> [YOUR GOAL]:
Reproduce the data that follows character for character, but omit its pictures.

> [EXERCISE DATA]:
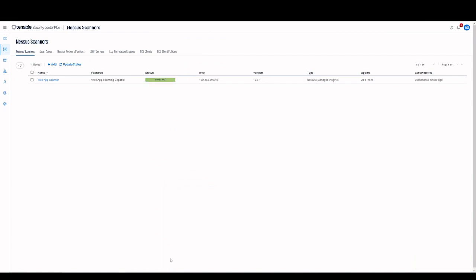The Nessus scanner will now receive updated plugins from Tenable SC, which can take up to 30 minutes, depending on the resources of your Nessus scanner.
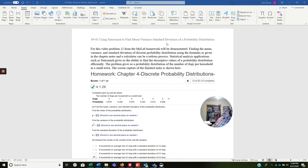This is going to be the first of only two videos we're going to need for chapter four: discrete probability distributions and binomial probability distributions.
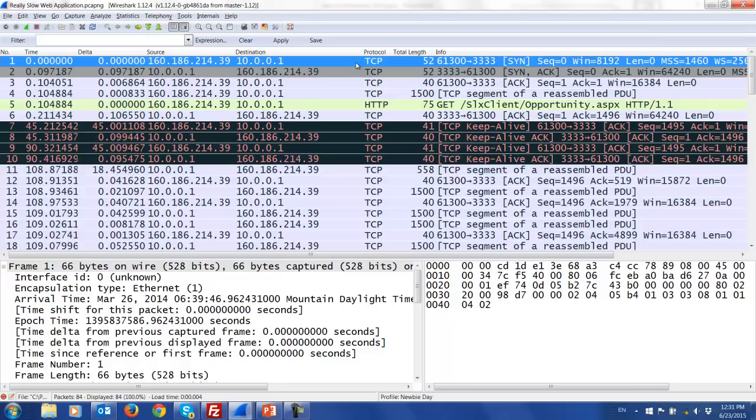Packet four is client-to-server and is a bigger packet. Looking at the length: 1,500. Is that good? What does 1,500 mean? It's a full packet size. How big can a packet be? It depends — is it a jumbo frame? Where are you capturing? Generally in a standard Ethernet condition, 1,500 is the maximum transmission unit.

> [RESPONSE TO THE TASK]:
The Nessus scanner will now receive updated plugins from Tenable SC, which can take up to 30 minutes, depending on the resources of your Nessus scanner.
This is going to be the first of only two videos we're going to need for chapter four: discrete probability distributions and binomial probability distributions.
Packet four is client-to-server and is a bigger packet. Looking at the length: 1,500. Is that good? What does 1,500 mean? It's a full packet size. How big can a packet be? It depends — is it a jumbo frame? Where are you capturing? Generally in a standard Ethernet condition, 1,500 is the maximum transmission unit.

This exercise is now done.